What you should do – Reproduce the first line of the entries that follow and each later line, word for word, ending with the one containing "Jayson Sweater REFILL".

Source material –
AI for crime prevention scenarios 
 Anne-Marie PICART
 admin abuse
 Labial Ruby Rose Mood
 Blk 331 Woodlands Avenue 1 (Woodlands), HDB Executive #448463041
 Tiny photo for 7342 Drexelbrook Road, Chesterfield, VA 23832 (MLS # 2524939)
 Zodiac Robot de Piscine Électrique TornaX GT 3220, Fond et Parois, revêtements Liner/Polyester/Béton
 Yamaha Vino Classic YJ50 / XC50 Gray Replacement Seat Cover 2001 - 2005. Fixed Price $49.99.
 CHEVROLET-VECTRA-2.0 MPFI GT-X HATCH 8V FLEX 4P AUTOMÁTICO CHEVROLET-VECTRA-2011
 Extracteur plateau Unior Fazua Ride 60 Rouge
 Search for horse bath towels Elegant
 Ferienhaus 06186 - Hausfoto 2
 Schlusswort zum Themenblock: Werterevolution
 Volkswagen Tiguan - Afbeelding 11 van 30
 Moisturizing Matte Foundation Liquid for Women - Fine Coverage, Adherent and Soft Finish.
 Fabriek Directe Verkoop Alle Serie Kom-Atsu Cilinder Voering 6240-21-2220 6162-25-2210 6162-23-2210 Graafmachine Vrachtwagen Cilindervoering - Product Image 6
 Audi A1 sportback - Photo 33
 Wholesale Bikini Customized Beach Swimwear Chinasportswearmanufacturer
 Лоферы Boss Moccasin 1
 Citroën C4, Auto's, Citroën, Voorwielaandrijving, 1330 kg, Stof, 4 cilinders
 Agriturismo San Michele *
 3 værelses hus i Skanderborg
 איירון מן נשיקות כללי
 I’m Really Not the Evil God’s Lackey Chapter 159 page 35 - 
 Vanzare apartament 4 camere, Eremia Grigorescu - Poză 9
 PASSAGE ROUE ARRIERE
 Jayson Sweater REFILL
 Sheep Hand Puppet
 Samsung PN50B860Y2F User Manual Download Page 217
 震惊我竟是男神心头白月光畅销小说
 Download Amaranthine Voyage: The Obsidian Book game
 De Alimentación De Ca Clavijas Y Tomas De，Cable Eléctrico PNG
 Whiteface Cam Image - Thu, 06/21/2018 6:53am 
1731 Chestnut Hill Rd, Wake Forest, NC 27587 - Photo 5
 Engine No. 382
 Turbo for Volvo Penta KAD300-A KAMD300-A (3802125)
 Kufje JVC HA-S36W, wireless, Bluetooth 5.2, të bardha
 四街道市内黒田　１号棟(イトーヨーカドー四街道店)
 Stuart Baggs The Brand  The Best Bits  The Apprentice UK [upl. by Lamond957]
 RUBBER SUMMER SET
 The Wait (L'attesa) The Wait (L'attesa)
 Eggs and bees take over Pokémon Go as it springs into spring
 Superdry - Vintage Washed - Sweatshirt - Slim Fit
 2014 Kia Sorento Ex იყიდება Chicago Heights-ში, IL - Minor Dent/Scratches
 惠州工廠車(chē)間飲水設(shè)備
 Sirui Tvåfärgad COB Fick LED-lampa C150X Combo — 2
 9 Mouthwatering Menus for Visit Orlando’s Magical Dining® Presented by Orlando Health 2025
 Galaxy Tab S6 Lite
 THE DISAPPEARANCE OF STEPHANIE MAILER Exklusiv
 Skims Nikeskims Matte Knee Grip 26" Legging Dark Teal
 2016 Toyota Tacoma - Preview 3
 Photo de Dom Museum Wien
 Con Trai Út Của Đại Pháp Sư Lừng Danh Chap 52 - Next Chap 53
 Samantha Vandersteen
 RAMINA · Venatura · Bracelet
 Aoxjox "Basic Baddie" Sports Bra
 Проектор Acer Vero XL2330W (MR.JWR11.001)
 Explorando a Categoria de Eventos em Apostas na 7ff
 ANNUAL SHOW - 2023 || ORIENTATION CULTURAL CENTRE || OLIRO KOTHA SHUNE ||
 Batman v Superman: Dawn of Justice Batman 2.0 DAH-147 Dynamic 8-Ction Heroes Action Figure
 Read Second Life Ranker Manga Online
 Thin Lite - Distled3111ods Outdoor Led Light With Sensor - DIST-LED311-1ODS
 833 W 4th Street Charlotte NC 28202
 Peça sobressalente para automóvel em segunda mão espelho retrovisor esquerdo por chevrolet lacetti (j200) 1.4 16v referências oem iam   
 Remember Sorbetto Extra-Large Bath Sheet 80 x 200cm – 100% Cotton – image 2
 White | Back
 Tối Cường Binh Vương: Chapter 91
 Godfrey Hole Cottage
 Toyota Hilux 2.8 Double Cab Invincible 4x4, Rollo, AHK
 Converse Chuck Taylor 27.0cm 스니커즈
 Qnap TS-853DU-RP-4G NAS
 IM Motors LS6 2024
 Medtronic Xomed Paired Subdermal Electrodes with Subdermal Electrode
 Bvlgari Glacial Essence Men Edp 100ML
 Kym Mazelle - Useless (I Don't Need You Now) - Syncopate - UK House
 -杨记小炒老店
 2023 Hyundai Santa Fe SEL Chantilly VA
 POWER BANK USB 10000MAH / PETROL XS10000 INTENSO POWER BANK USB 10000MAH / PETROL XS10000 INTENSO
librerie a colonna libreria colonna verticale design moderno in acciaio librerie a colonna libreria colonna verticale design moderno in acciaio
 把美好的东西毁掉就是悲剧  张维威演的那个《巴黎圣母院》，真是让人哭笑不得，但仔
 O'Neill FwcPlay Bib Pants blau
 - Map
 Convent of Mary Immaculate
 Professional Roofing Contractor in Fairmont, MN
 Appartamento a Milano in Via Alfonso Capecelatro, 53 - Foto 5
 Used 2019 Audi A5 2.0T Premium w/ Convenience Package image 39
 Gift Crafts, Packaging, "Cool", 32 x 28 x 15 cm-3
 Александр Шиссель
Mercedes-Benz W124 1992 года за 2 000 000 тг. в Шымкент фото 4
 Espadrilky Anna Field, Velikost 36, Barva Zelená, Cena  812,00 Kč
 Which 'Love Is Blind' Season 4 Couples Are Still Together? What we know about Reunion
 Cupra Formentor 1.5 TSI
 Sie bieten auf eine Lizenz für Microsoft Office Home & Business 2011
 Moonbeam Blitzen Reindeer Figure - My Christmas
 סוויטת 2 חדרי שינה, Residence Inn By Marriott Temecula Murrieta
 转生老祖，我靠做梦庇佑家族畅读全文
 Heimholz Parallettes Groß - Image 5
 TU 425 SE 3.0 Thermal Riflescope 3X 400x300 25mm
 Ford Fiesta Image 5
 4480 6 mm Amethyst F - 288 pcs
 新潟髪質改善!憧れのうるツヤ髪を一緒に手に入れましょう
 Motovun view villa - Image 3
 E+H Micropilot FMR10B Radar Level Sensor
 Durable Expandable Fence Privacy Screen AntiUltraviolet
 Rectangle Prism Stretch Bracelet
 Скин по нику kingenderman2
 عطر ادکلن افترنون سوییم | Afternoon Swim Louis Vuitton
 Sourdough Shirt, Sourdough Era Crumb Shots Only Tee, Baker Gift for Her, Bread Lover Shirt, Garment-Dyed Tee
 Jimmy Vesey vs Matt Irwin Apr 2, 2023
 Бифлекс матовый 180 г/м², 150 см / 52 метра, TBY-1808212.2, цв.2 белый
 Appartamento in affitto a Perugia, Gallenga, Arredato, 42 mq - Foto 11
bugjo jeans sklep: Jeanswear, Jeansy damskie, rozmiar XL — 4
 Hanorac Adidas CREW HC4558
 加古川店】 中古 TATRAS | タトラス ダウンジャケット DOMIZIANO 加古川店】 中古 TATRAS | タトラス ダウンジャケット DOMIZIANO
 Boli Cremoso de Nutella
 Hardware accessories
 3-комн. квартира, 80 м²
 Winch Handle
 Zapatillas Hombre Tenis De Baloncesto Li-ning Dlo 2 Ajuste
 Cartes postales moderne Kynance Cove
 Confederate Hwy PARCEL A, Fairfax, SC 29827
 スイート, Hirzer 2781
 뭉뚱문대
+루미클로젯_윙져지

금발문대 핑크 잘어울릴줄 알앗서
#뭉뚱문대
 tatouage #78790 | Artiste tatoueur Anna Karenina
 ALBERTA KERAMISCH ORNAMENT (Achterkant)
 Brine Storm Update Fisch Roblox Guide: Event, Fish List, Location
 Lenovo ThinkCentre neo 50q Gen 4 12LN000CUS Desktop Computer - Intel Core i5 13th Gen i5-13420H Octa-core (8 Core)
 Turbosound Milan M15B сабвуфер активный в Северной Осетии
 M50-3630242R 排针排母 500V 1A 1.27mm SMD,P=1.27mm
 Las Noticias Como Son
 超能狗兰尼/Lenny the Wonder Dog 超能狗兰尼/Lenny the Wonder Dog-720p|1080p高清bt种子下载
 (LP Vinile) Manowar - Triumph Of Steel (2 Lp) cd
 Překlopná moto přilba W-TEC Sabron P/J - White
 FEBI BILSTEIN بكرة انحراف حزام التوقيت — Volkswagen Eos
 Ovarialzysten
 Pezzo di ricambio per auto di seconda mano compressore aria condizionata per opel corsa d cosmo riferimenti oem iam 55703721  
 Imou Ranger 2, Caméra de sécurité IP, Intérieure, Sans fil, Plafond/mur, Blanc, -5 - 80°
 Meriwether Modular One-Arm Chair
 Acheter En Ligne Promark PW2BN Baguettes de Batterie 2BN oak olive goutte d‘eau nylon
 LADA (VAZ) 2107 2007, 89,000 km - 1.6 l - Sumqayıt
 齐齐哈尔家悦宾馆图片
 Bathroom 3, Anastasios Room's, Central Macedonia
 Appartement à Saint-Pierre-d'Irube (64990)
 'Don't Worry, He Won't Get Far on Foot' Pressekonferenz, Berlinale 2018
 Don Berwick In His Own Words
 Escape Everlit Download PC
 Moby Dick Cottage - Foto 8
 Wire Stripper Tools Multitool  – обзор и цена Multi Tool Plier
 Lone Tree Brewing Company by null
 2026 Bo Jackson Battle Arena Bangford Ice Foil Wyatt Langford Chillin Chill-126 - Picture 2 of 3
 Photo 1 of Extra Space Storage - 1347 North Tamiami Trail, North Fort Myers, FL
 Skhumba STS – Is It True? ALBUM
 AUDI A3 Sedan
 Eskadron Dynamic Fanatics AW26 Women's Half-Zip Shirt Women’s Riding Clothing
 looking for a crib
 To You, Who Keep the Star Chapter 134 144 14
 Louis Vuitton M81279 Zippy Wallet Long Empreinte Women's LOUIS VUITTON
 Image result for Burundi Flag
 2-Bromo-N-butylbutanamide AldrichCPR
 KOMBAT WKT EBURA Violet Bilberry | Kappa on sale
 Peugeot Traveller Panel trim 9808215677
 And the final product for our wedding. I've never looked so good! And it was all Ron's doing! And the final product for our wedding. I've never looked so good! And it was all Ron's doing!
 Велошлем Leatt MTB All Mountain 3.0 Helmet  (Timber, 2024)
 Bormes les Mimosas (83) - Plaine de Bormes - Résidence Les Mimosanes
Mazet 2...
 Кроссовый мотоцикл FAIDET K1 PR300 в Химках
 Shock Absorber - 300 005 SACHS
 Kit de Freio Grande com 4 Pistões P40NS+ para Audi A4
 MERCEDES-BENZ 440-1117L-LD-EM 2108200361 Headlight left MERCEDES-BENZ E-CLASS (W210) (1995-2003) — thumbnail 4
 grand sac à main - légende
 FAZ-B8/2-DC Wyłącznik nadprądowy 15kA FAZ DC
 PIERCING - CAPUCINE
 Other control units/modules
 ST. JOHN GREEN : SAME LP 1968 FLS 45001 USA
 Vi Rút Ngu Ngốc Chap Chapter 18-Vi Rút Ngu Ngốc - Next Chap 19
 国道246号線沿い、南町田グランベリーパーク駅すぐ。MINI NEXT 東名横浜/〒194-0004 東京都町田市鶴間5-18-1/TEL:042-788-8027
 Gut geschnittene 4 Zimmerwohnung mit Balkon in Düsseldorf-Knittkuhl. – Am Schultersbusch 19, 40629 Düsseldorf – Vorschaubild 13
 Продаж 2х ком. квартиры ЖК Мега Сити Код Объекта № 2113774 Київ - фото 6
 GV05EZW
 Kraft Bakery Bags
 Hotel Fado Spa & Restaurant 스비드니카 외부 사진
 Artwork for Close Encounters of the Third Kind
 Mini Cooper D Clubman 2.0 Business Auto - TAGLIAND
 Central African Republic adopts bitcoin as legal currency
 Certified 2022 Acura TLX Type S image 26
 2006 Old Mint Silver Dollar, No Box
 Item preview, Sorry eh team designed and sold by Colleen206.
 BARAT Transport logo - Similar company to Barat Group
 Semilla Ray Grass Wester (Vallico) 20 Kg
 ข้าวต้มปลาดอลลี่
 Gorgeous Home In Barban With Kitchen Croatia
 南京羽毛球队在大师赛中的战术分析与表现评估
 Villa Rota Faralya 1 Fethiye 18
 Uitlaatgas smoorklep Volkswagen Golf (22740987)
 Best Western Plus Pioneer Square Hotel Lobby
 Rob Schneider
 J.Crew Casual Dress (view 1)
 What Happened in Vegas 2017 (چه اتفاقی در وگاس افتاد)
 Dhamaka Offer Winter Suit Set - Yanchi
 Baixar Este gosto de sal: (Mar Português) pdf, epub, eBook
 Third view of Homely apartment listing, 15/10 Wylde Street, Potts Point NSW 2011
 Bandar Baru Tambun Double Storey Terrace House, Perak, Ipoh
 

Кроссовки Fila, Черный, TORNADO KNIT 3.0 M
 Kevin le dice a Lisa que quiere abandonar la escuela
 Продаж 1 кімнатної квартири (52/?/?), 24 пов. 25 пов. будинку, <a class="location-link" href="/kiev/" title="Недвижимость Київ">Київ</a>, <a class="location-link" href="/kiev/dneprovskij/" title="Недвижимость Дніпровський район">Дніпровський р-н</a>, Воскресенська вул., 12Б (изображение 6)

Completed exercise –
AI for crime prevention scenarios 
 Anne-Marie PICART
 admin abuse
 Labial Ruby Rose Mood
 Blk 331 Woodlands Avenue 1 (Woodlands), HDB Executive #448463041
 Tiny photo for 7342 Drexelbrook Road, Chesterfield, VA 23832 (MLS # 2524939)
 Zodiac Robot de Piscine Électrique TornaX GT 3220, Fond et Parois, revêtements Liner/Polyester/Béton
 Yamaha Vino Classic YJ50 / XC50 Gray Replacement Seat Cover 2001 - 2005. Fixed Price $49.99.
 CHEVROLET-VECTRA-2.0 MPFI GT-X HATCH 8V FLEX 4P AUTOMÁTICO CHEVROLET-VECTRA-2011
 Extracteur plateau Unior Fazua Ride 60 Rouge
 Search for horse bath towels Elegant
 Ferienhaus 06186 - Hausfoto 2
 Schlusswort zum Themenblock: Werterevolution
 Volkswagen Tiguan - Afbeelding 11 van 30
 Moisturizing Matte Foundation Liquid for Women - Fine Coverage, Adherent and Soft Finish.
 Fabriek Directe Verkoop Alle Serie Kom-Atsu Cilinder Voering 6240-21-2220 6162-25-2210 6162-23-2210 Graafmachine Vrachtwagen Cilindervoering - Product Image 6
 Audi A1 sportback - Photo 33
 Wholesale Bikini Customized Beach Swimwear Chinasportswearmanufacturer
 Лоферы Boss Moccasin 1
 Citroën C4, Auto's, Citroën, Voorwielaandrijving, 1330 kg, Stof, 4 cilinders
 Agriturismo San Michele *
 3 værelses hus i Skanderborg
 איירון מן נשיקות כללי
 I’m Really Not the Evil God’s Lackey Chapter 159 page 35 - 
 Vanzare apartament 4 camere, Eremia Grigorescu - Poză 9
 PASSAGE ROUE ARRIERE
 Jayson Sweater REFILL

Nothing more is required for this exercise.